In other news, I did some more actual writing this week: I finally started on the airplane story. The concept underlying this story is probably ten years old, and I mucked it up horribly the last time I tried a draft. It's been knocking around in my head ever since then, but kind of non-urgently. Since I thought up a way into the idea a few months ago, it's been pressing on me with far more insistence, but I've tried to ignore it, because the potential act of writing it intimidates me badly. I'm not sure I'm skilled enough to set the story forth in the way I want to. I believe the idea/story could be really good, even great, but I'm afraid I'll muck it up again and then have to set it aside a second time.

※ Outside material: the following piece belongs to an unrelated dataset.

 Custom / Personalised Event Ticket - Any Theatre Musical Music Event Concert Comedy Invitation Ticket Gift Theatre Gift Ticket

[Total sidebar: Stephen King expressed this exact anxiety about one of the stories in Skeleton Crew, "Survivor Type," which was about a doctor stranded on a desert island who becomes autocannibalistic to survive. As I recall, King said that the idea seemed too grotesquely delightful to set down at first, so he didn't write it for a long while, afraid of messing it up. Frankly, Steve? I think you did. While the idea is indeed pretty delightful, the story is drug-soaked and ugly, one of my least favorites in that collection.]

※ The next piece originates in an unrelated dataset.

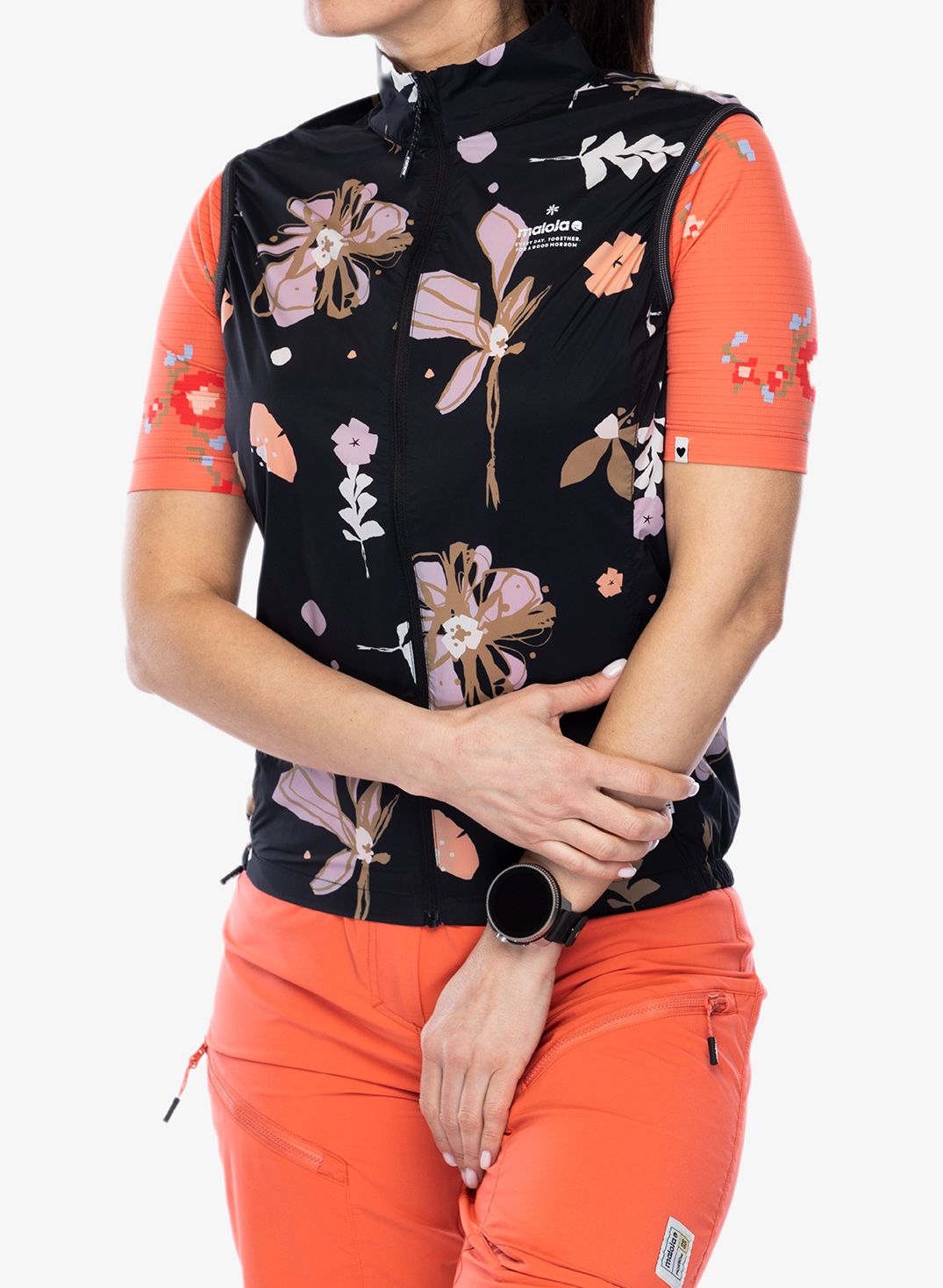 Dámská cyklistická vesta Maloja Seis Printed Vest - deep black flora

Now I worry I've waited too long, and my own anxiety is keeping the thing from being any good. I wrote a few hundred words, and introduced the first two characters; while it seems okay at this [ridiculously early] stage, the fact that there'll be a lot of narration and exposition in this story weighs heavily on me. (For various in-story reasons, writing more of it in dialogue - creating scenes rather than explanations - is not possible.) Until recently, I didn't worry very intently about the balance between narration and dialogue, figuring both were fine and mostly trying to find a good half-and-half between them whenever I wrote. But then 1) the teacher in my UCLA writing class pointed out that the opening to my workshopped story, which I thought was quite strong, is really all exposition; and 2) I skimmed through the Greenland book and saw how I tend to lapse into Victorian narration in order to storytell when I get too
As a reader I prefer narration to dialogue, but over the course of this year, several smart writers at the fronts of rooms full of students have told me that most readers are the opposite way. One of my teachers even said that dialogue is considered a break, while chunky paragraphs are taxing. I found this surprising to the point of astonishment, as for me it's always been completely the other way around. Dialogue is laborious for me to read and beautiful narration just flies by.

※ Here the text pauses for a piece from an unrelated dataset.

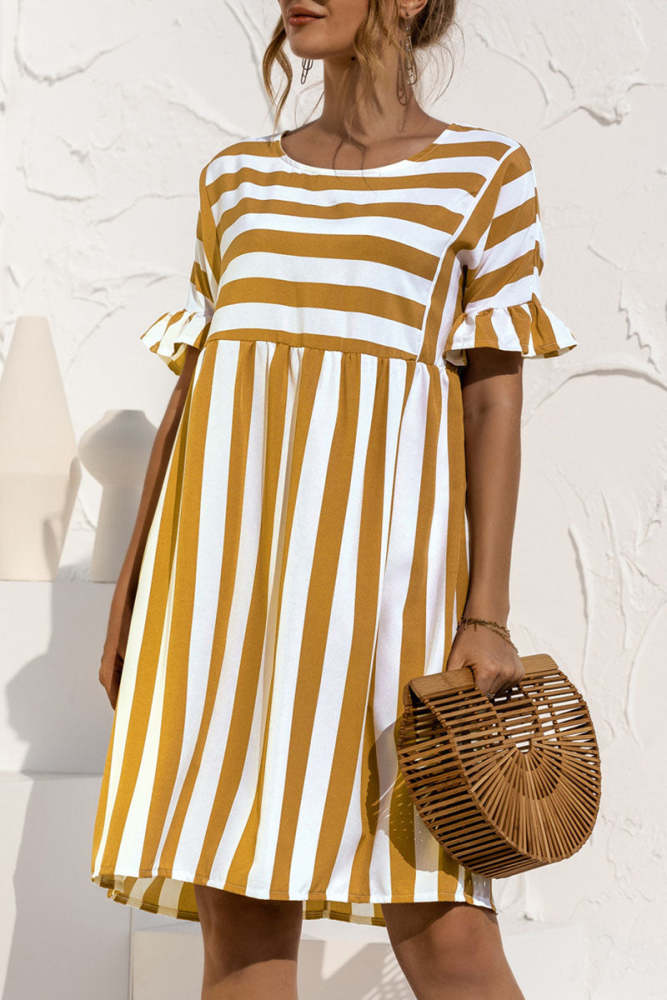 Fashion Casual Striped Patchwork O Neck A Line Dresses(4 Colors)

Anyone want to share their thoughts on this? Which reads more easily to you?
So this story. I don't know. Matt says I should just write it and see what happens, and of course he's right. I just don't want to expend a lot of energy on it and find that the idea's plain old unworkable after all, or that I'm not good enough to do it justice. Or that I am, but I have to rewrite it once I'm through. I never, ever want to do that. But I'm learning that rewriting is the way to write - gradually, kicking and screaming, I am learning it.